PH to front-load cheaper ODA loans in 2022

With commercial borrowing rates expected to rise next year, the Philippines is looking at sourcing more of its foreign funding requirements from low-interest official development assistance (ODA) than offshore bond issuances, a Department of Finance official said.

“We do not divide our borrowing program into ODA and commercial, but in broad strokes, we go through multilateral ODA first, and bilateral ODA, then commercial borrowing,” Finance Undersecretary Mark Dennis Joven said.

This tack “minimizes the overall financing cost and lengthens the tenor of our [debt] portfolio,” Joven explained.

Out of the national government’s record-high P11.97-trillion debt pile as of end-October, the bulk of outstanding obligations will mature after more than a decade. Some P7.76 trillion or 64.8 percent of debt had long-term maturities.

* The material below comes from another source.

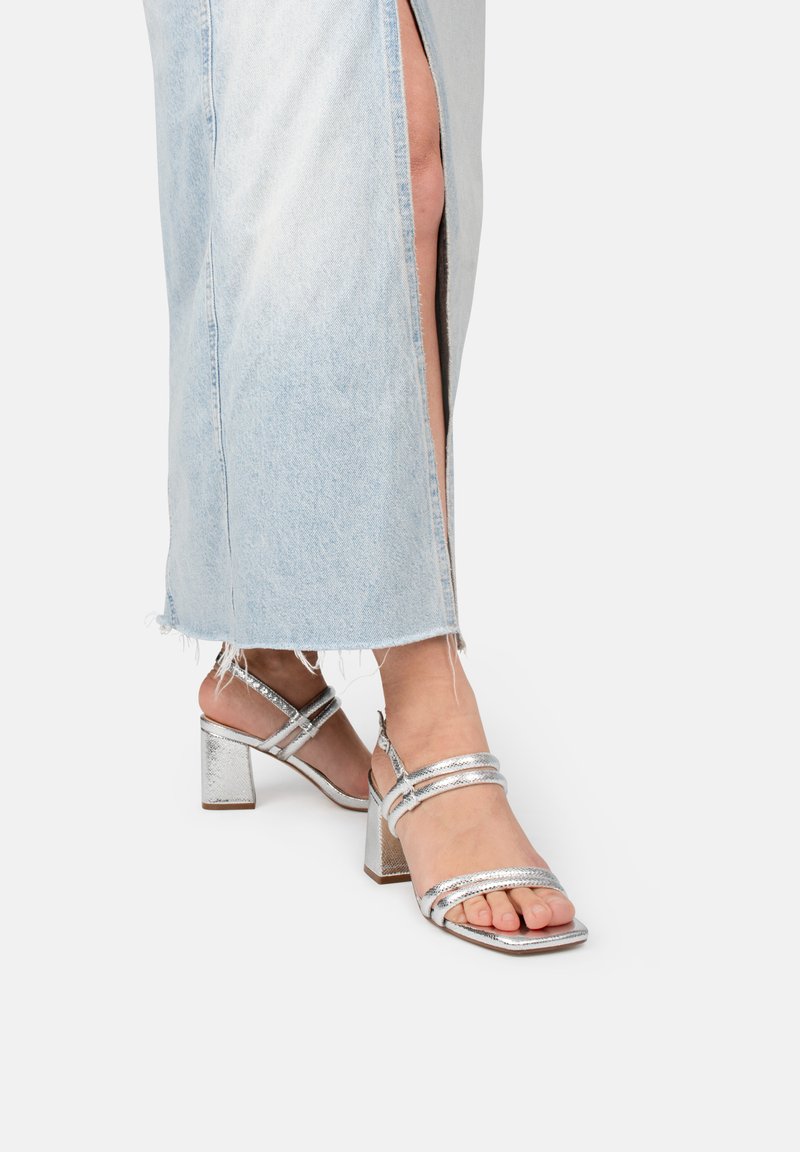Silberne Sandalen mit Blockabsatz und zwei Riemen über dem Fuß. Glänzende, metallische Oberfläche und rechteckige Zehenform. Getragen mit einem Jeansrock.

Budget documents show the national government programmed to borrow a total gross amount of P2.47 trillion next year, of which foreign borrowings worth P560.6 billion will account for 23 percent of total.

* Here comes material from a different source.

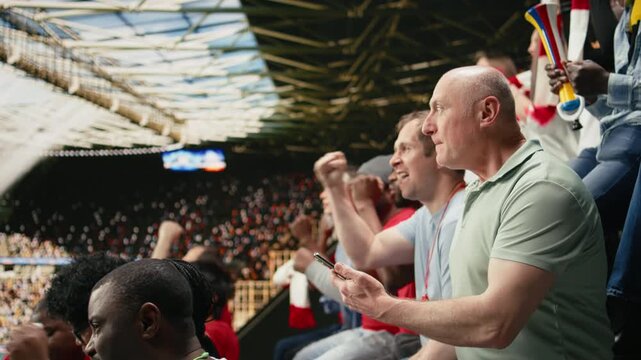 Frustrated football supporter watching tense match moment from stadium stands while crowd behind him cheering with scarves.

The planned external financing program for next year included P126.7 billion in program loans, which usually get injected into the national budget; P80.4 billion in project loans; and the largest chunk of P353.5 billion from bonds and other inflows.

Amid the COVID-19 pandemic, the Philippines issued US dollar-denominated global bonds, yen-denominated samurai bonds, as well eurobonds to finance the ballooning budget deficit. It did not raise funds from yuan-denominated panda bonds during the past two years despite issuances in 2018 and 2019.

Joven said the Philippines ventured into eurobonds as its opening offshore commercial borrowing salvo in 2020 and 2021 due to low interest rates plus robust demand.

“For 2022, we have to consider that globally there’s a change in the benchmark rate. From Libor, it will fork into various benchmark rates. I think this may result in some instability in the interest rate market in the near term,” Joven said.

“That’s why we were coming prepared. As you can see, we have buffered up on the multilateral ODA side just in case the market becomes a little bit choppy,” he added.